● **WHAT IS EXPECTED**
Copy every entry below verbatim, except for images.

● **PROVIDED DATA**
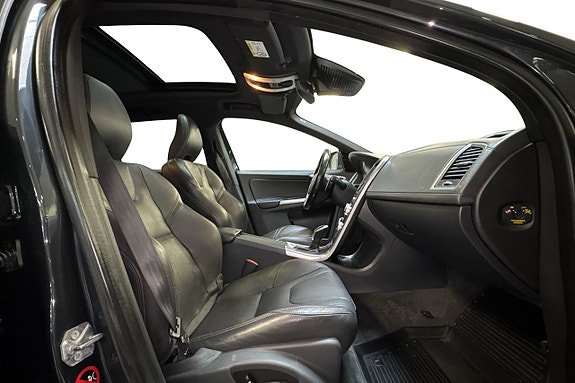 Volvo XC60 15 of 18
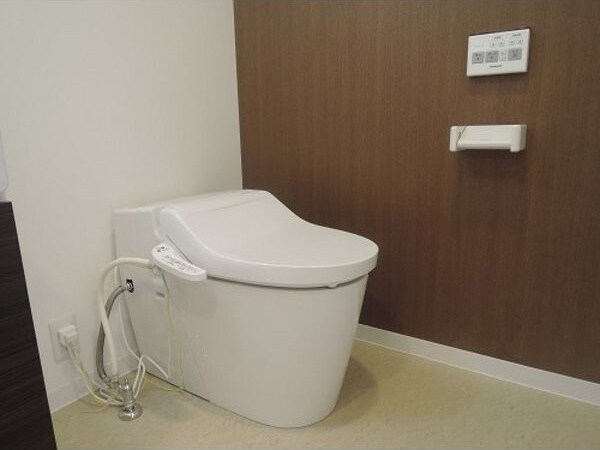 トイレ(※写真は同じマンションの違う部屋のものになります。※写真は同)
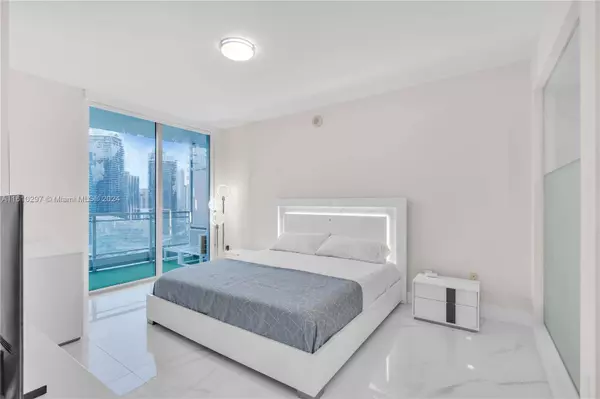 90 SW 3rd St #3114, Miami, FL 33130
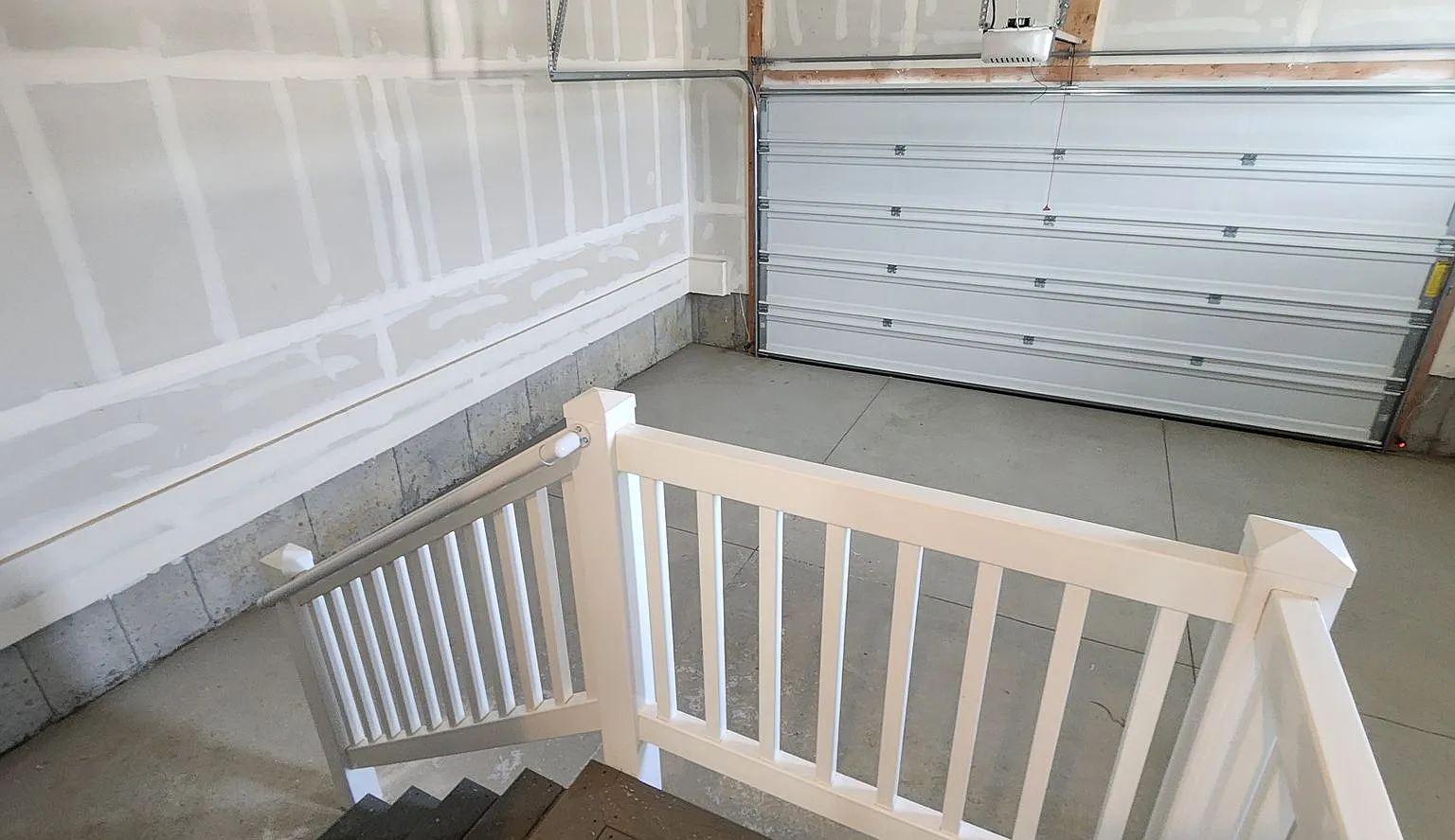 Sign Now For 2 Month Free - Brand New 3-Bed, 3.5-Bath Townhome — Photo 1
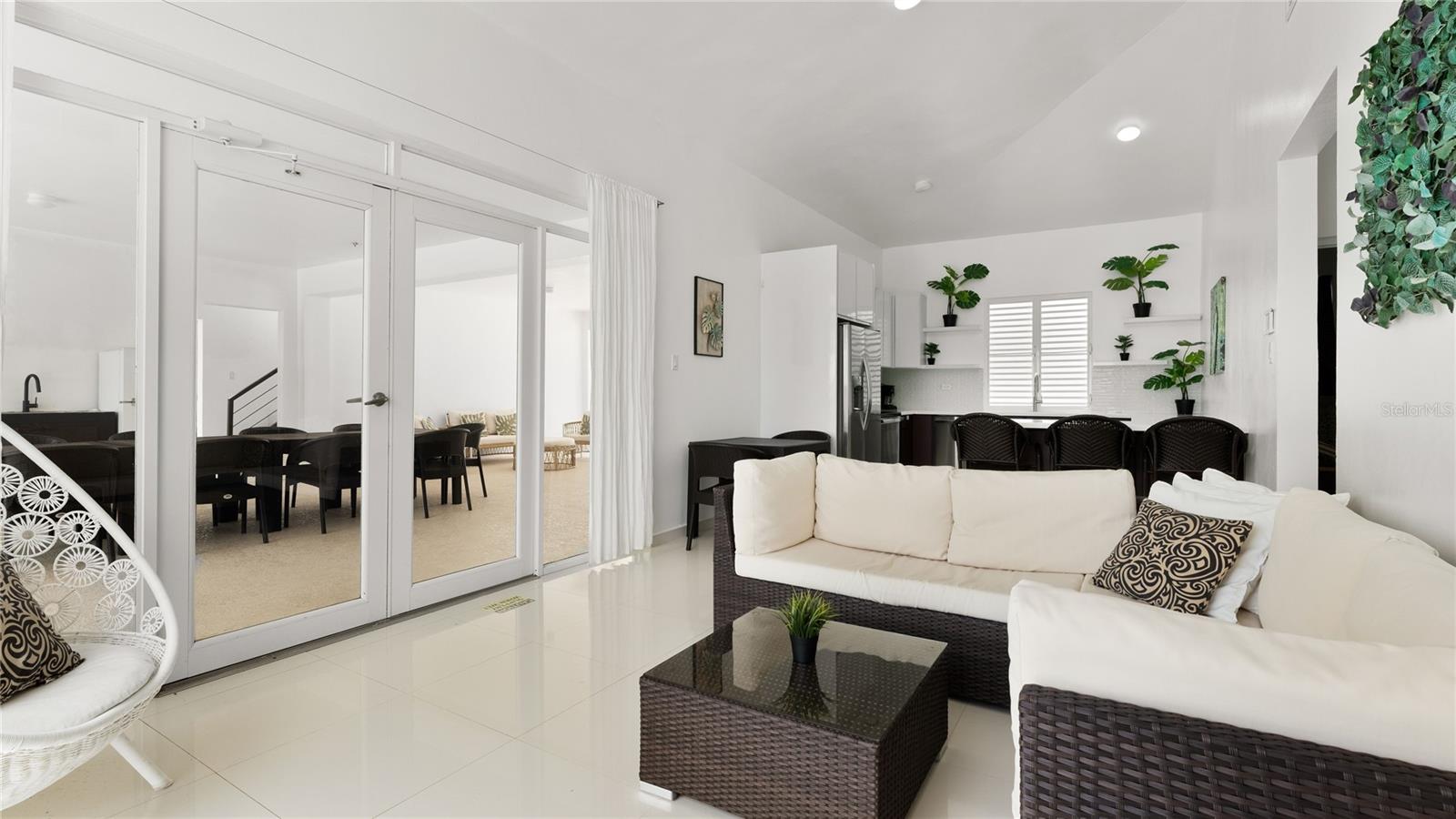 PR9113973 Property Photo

● **SOLUTION**
 Volvo XC60 15 of 18
 トイレ(※写真は同じマンションの違う部屋のものになります。※写真は同)
 90 SW 3rd St #3114, Miami, FL 33130
 Sign Now For 2 Month Free - Brand New 3-Bed, 3.5-Bath Townhome — Photo 1
 PR9113973 Property Photo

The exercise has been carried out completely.